══ Dataset excerpts ══
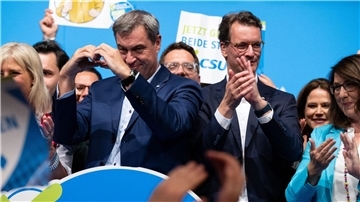 Die Ministerpräsidenten von Bayern und Nordrhein-Westfalen Markus Söder und Hendrik Wüst bei der CSU-Abschlusskundgebung im Löwenbräukeller in München.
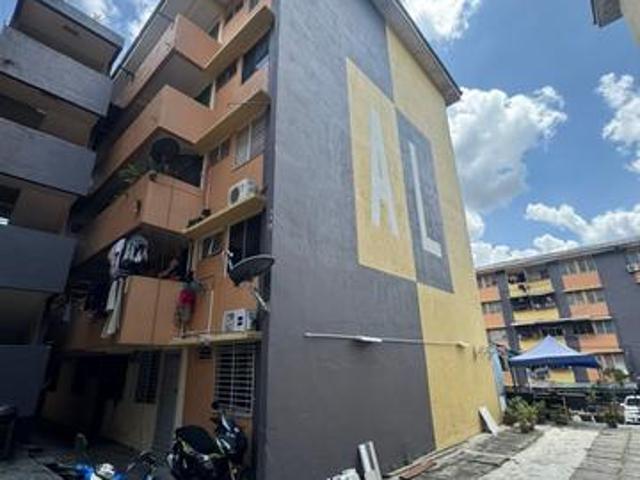 Apartment for sale in Country Heights Damansara, Kuala Lumpur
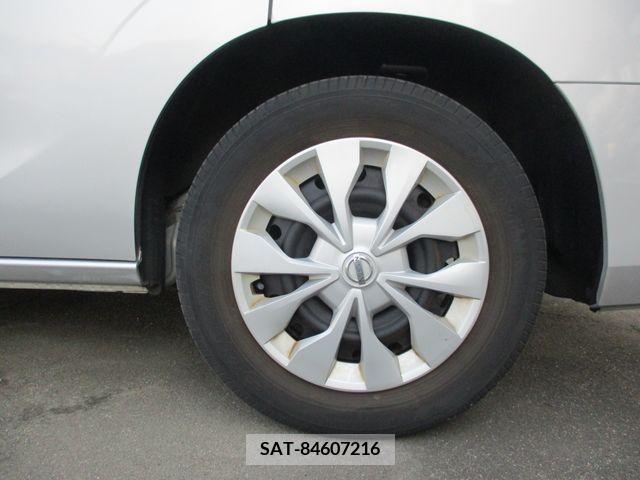 Nissan SERENA 2017-12 335273-14
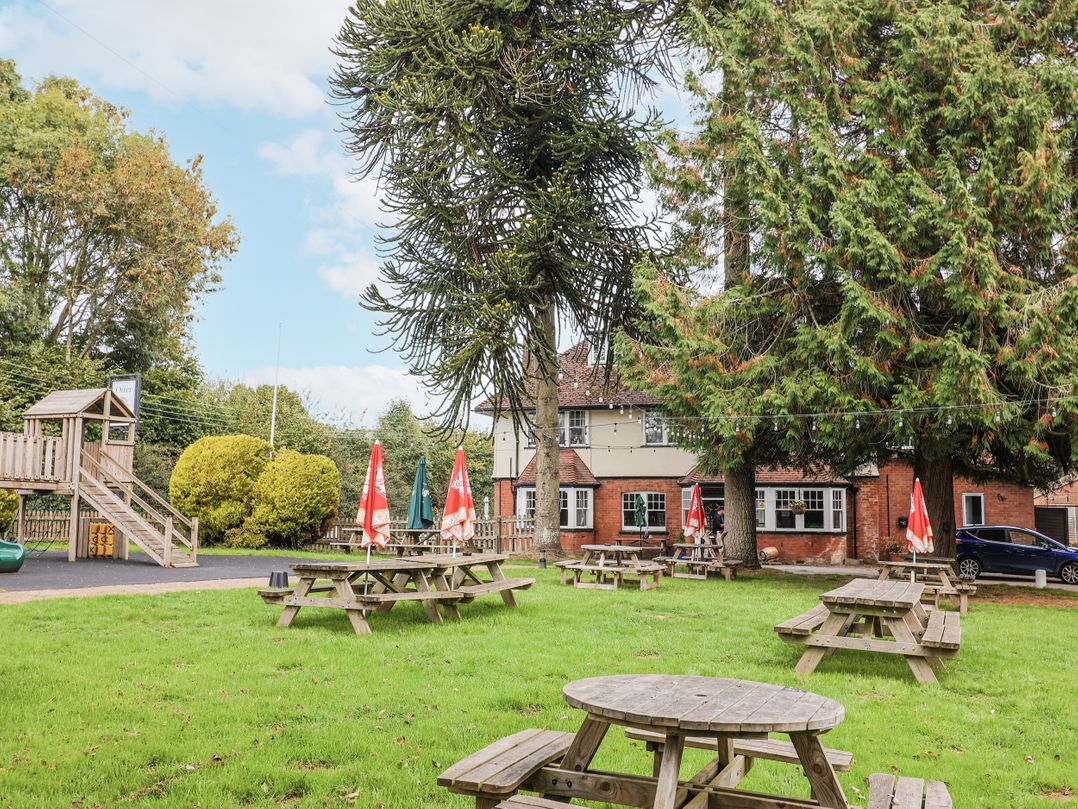 Rushmoor Cottage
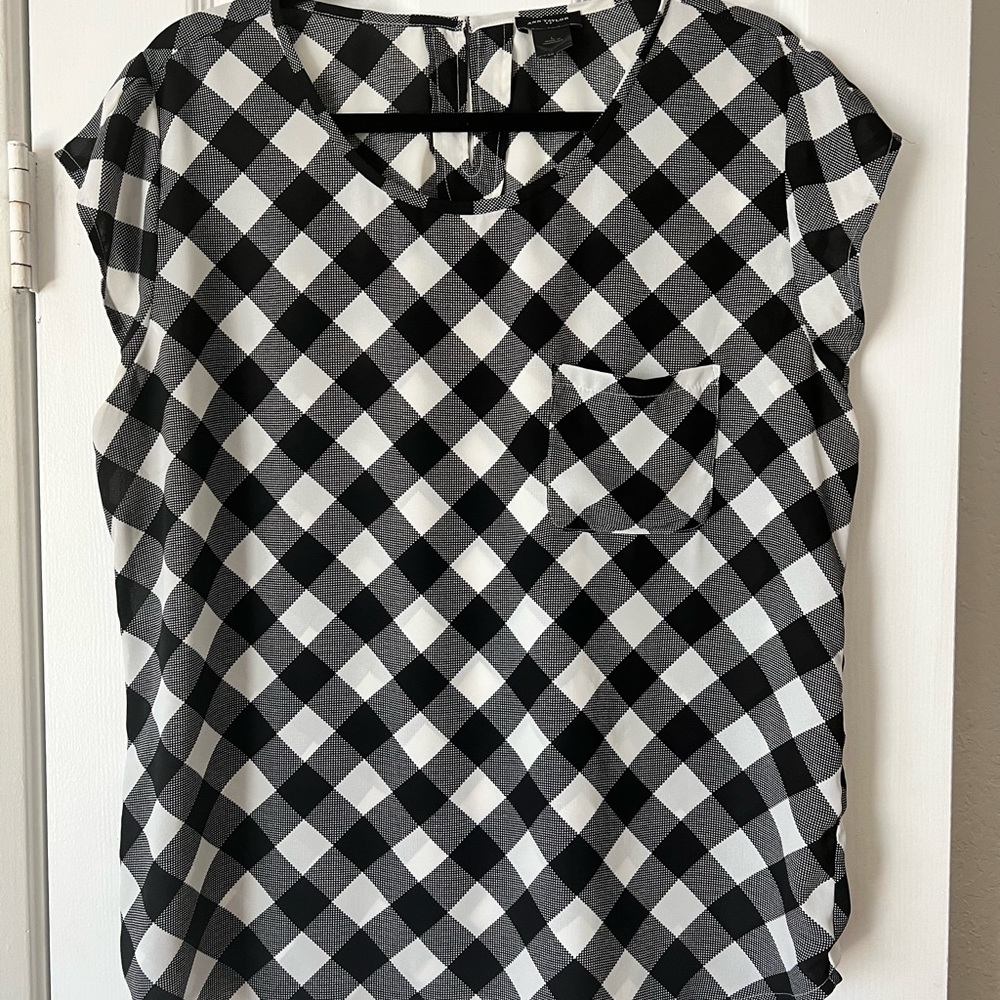 EUC Ann Taylor Black and White Checkered Blouse L
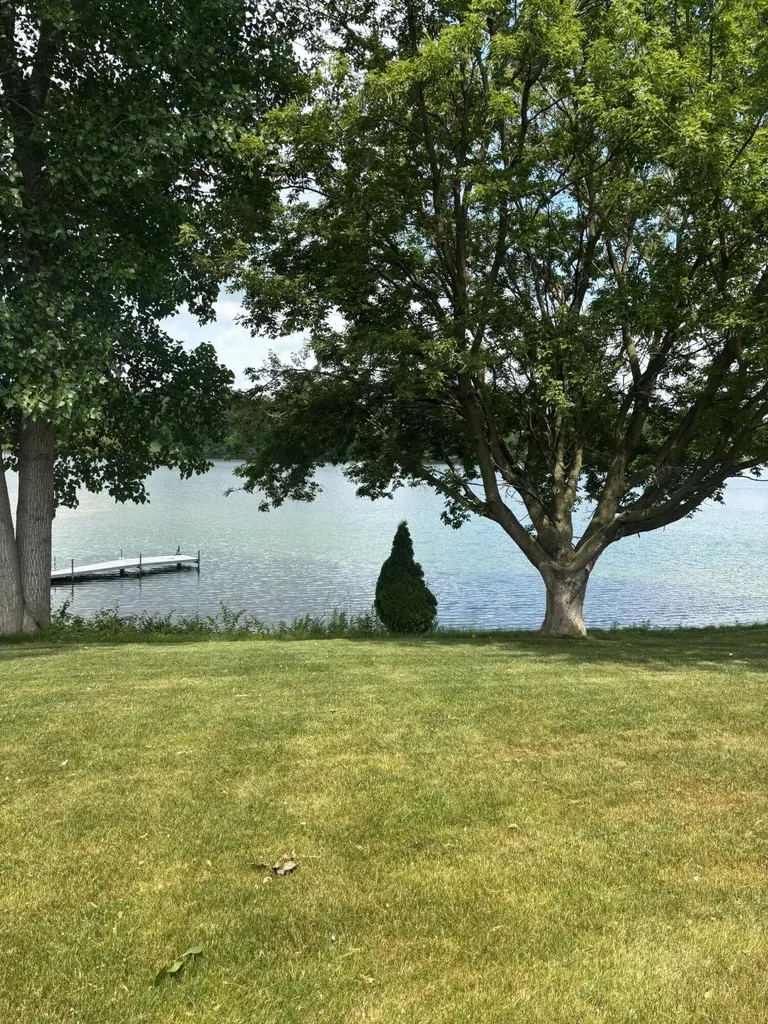 9216 Mirage Lake Drive York Charter Township MI 48160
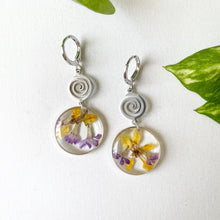 Load image into Gallery viewer, Spiral &amp; Flowers
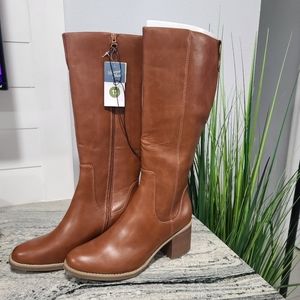 Brand New Universal Thread Riding Boots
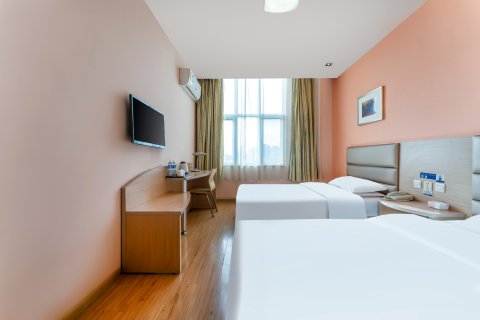 银座佳驿酒店(鄄城汽车站黄河路店)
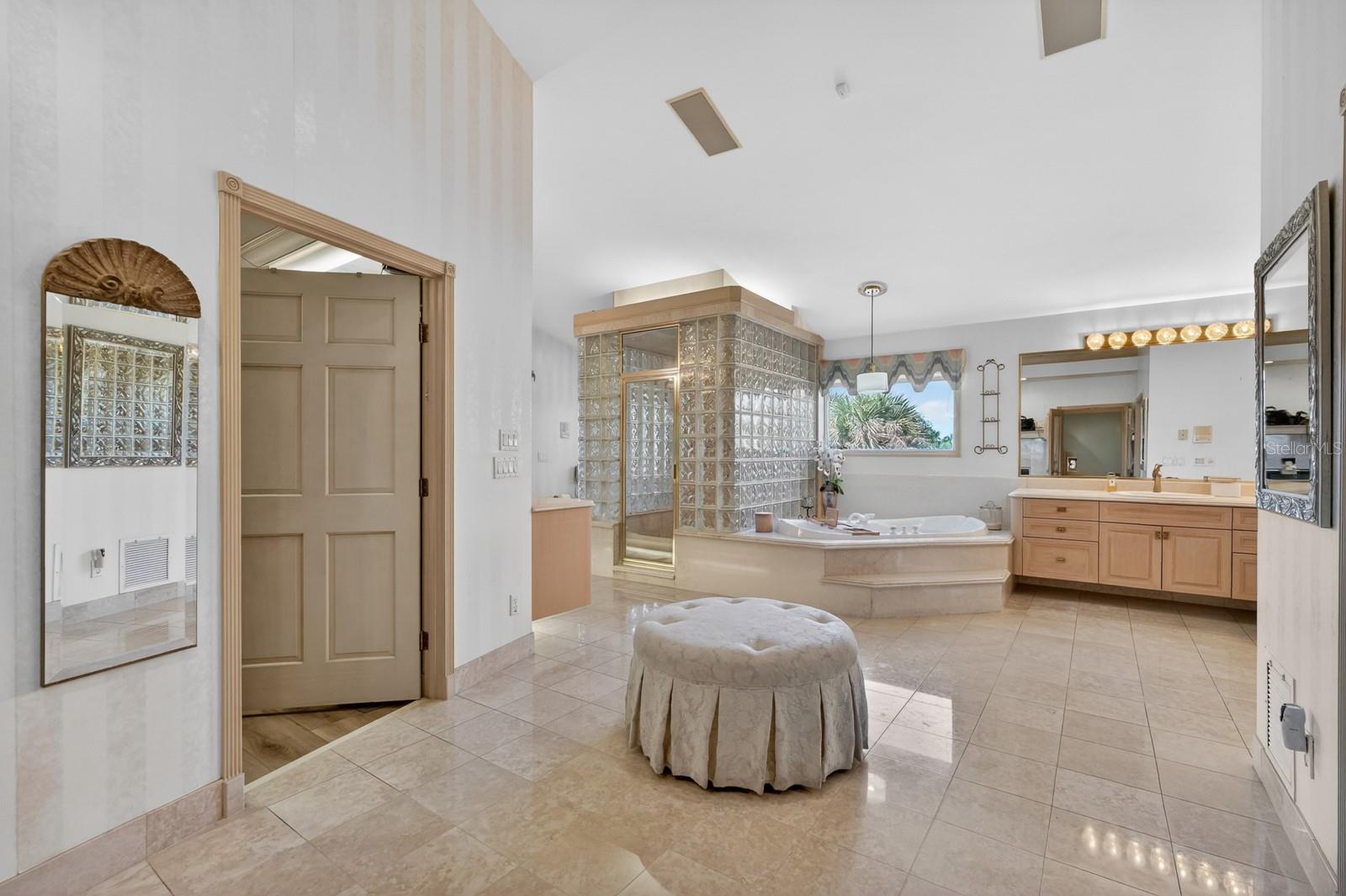 GRANADA ESTATES - Residential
═══
The reply has to reproduce every line above verbatim and contain no pictures.

 Die Ministerpräsidenten von Bayern und Nordrhein-Westfalen Markus Söder und Hendrik Wüst bei der CSU-Abschlusskundgebung im Löwenbräukeller in München.
 Apartment for sale in Country Heights Damansara, Kuala Lumpur
 Nissan SERENA 2017-12 335273-14
 Rushmoor Cottage
 EUC Ann Taylor Black and White Checkered Blouse L
 9216 Mirage Lake Drive York Charter Township MI 48160
 Load image into Gallery viewer, Spiral &amp; Flowers
 Brand New Universal Thread Riding Boots
 银座佳驿酒店(鄄城汽车站黄河路店)
 GRANADA ESTATES - Residential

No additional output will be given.